Teve uma passagem, ainda que breve, pela administração da Caixa Geral de Depósitos, com António Domingues, e fez parte também dos que se recusaram a entregar a declaração de rendimentos no Tribunal Constitucional. Consegue, a esta distância, compreender a polémica que se gerou?
Vou pedir desculpa, mas esse é um assunto que encerrei, preferia não abordar esse assunto...
Mas arrepende-se de ter aceitado aquele convite?
Da Caixa Geral de Depósitos? De maneira nenhuma.
Com a passagem do Montepio de caixa económica para sociedade anónima, os títulos do banco deixaram de cumprir os requisitos para cotar em Bolsa. É provável que o Montepio abandone o PSI 20 a curto prazo?
Para já, a operação ainda não está totalmente fechada até à próxima revisão trimestral... Remoções ou inclusões só haverá no próximo ano, em março. Estamos atentos à situação. A alteração, neste momento, é uma alteração técnica. E, portanto, essa revisão vai ser feita e daqui até março muitas coisas podem acontecer. Até ao próprio capital do Montepio.
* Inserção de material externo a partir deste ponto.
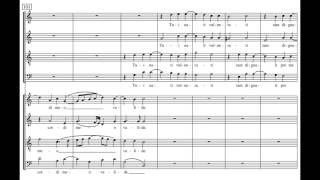 Palestrina: Stabat Mater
Quando chegar a altura de tomar a decisão, as regras serão aplicadas.
Isso deixaria a Bolsa nacional só com uma instituição financeira, o BCP. A entrada de outro banco poderia colmatar essa falha? O Novo Banco é uma hipótese?
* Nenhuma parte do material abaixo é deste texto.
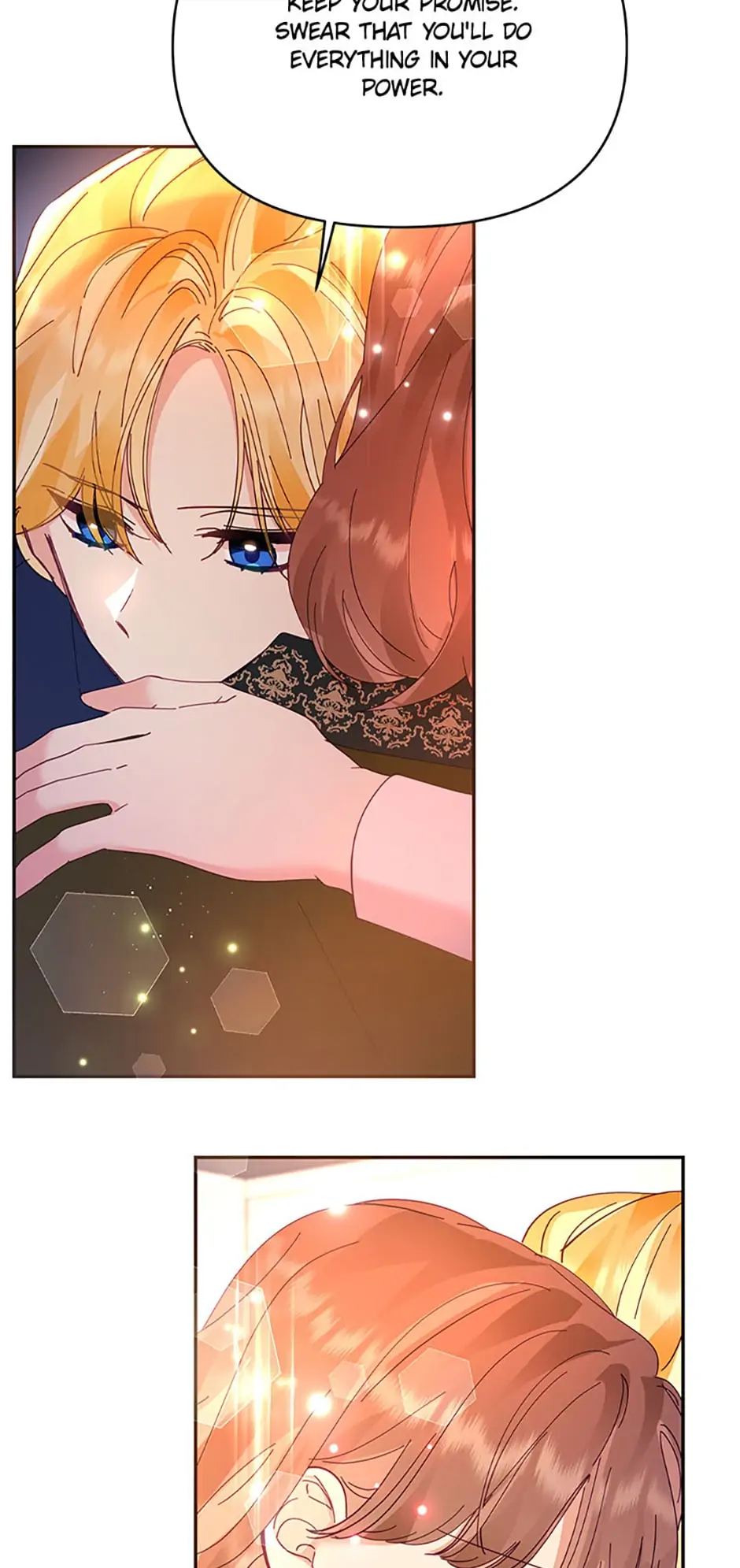 Finding My Place Chapter 36 - page 64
O tema da necessidade de instituições financeiras ou não nunca foi colocado em cima da mesa. O Novo Banco, como qualquer empresa que reúna condições para estar na Bolsa, a seu tempo será interessante. Eu consigo identificar algumas outras que gostaria de ter na Bolsa, mas simplesmente pelas suas características...
Em relação ao Porto, que investimento foi feito no Centro Tecnológico do Porto? E que quantidade de cérebros já lá estão?
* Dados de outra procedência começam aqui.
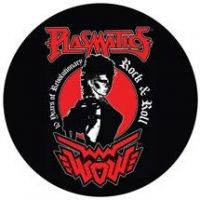 Williams Wendy O & Plasmatics - 10 Years Of Revolutionary... (Pic.D in der Gruppe VINYL bei Bengans Skivbutik AB (1151510)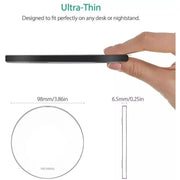 9eight5 Phone/Tablet Accessories Wireless Charger (300W) Wireless Charger (300W)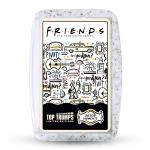 Friends: Limited Edition Top Trumps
O projeto foi feito on time e on budget. O investimento nesse sentido não foi superado. O que já foi superado foi o alargamento das atividades que lá foram colocadas no Porto. No início, a ideia era transferir de Belfast para o Porto, eram 80 a 90 pessoas e neste momento já temos 130, porque alargámos as atividades, incluímos atividades de desenvolvimento. Nós vendemos a nossa plataforma tecnológica para outras Bolsas: a do Luxemburgo, a da Polónia, estamos a negociar com Bolsas no Norte de África, há instituições financeiras que criam uma espécie de mercado interno também. Isso chama-se market solutions. Esse desenvolvimento está no Porto. O responsável do Centro Tecnológico no Porto, Manuel Bento, é neste momento também o Chief Information Security Officer da Euronext. O tema da segurança é um tema absolutamente crítico, aliás passámos incólumes na semana passada ao vírus WannaCry, mas é um tema que está sempre no topo da agenda do managing board, do supervisory board. É uma das áreas que foi colocada também no Porto.
A perspetiva é continuar a crescer por este caminho?
Portugal tem todas as condições para ser um centro de nearshore para instituições financeiras. É preciso continuar a fazer o trabalho, com rigor na execução que é isso que nos dá credibilidade. O "problema" é que está a correr muito bem e já há várias entidades a instalarem-se em Portugal, o BNP ou Natixis. A concorrência por recursos qualificados vai aumentando, o que são boas notícias. Não do ponto de vista da Euronext, mas do ponto de vista do país. E mesmo do ponto de vista da Euronext, a concorrência é sempre boa.